The first offence under paragraph 801.08(b):

No holder of an ATS operations certificate shall provide air traffic services at an operational location unless the services are provided in accordance with

(b) in the case of air traffic control services, the Canadian Domestic Air Traffic Control Separation Standards;

which state:

Chapter 1, s.2.4: Separation of a Departing Aircraft from Aircraft using Intersecting Runways

A departing aircraft shall be separated from an aircraft using an intersecting runway, or non-intersecting runway if flight paths intersect, by ensuring that the departing aircraft does not begin its take-off roll until one of the following conditions exists:

(b) a preceding arriving aircraft has:

(i) taxied off the landing runway,

(ii) completed the landing roll and will hold short of the intersection,

(iii) passed the intersection, or

(iv) crossed over the departure runway.

On or about August 25, 2002 at approximately 13:38 hours UTC, at the Toronto-Pearson International Airport, being the holder of an ATS operations certificate, NAV Canada did not provide air traffic services in accordance with Chapter 1, s.2.4 of the Canadian Domestic Air Traffic Control Separation Standards. NAV Canada in the operation at the Toronto-Pearson Control Tower, failed to provide the required separation between aircraft C-GGSG arriving on runway 05 and NWA971, departing on runway 33L, an intersecting runway.

Mr. Lipiec argued that it was put in as evidence that NAV CANADA is holder of an ATS operations certificate. The question raised by Mr. Lipiec was: Did NAV CANADA provide air traffic control services or air traffic services?

Section 800.01 of the CARs reads:

"air traffic services" or "ATS" includes air traffic control services...

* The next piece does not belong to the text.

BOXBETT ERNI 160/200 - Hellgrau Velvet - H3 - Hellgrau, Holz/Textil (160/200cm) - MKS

The Civil Air Navigation Services Commercialization Act (1996, c. 20) contains the term "control services" in the definitions of "air traffic control services" and "airport air traffic control services."

"air traffic control services" means services, other than flight information services, provided for the purpose of

(a) preventing collisions between

(i) aircraft,

(ii) ...

(iii) ...

(b) expediting and maintaining an orderly flow of air traffic.

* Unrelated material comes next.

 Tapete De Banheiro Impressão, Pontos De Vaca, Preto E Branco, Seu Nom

"airport air traffic control services" means air traffic control services, other than en route air traffic control services... and includes the issuance of air traffic control clearances for aircraft to taxi, take off, or land.

It was put in as evidence that controller Morgan authorized a take-off for NWA971 and a landing for aircraft GGSG, and both authorizations constituted air traffic services.

Mr. Morgan, his supervisor Mr. Fox, and the video and audio recordings showed that the take-off on 33L and the landing on 05 were not in compliance with the separation standards stipulated under paragraph 801.08(b) of the CARs.

The Minister's position is that NAV CANADA is responsible for the actions of its employees. Mr. Lipiec referred to the MoT v. NAV CANADA[1] case, in which page 25 reads: "NAV CANADA can be found to have contravened a provision for the act of an employee as a corporation can only act through persons..."

He emphasized that in the CARs, the holder of an ATS operations certificate is responsible if separation standards are not complied with. The CARs have different contraventions for the holder of the certificate and for the air traffic controller. This is not a delegated or proxy contravention.

The Minister's representative added that NAV CANADA is a corporation and that it acts and speaks through its employees. The fact that the employee was blamed and reprimanded for his action does not limit the responsibility of the employer. According to Mr. Lipiec, this is not an issue of fairness. He added that we must work with the laws as they are written.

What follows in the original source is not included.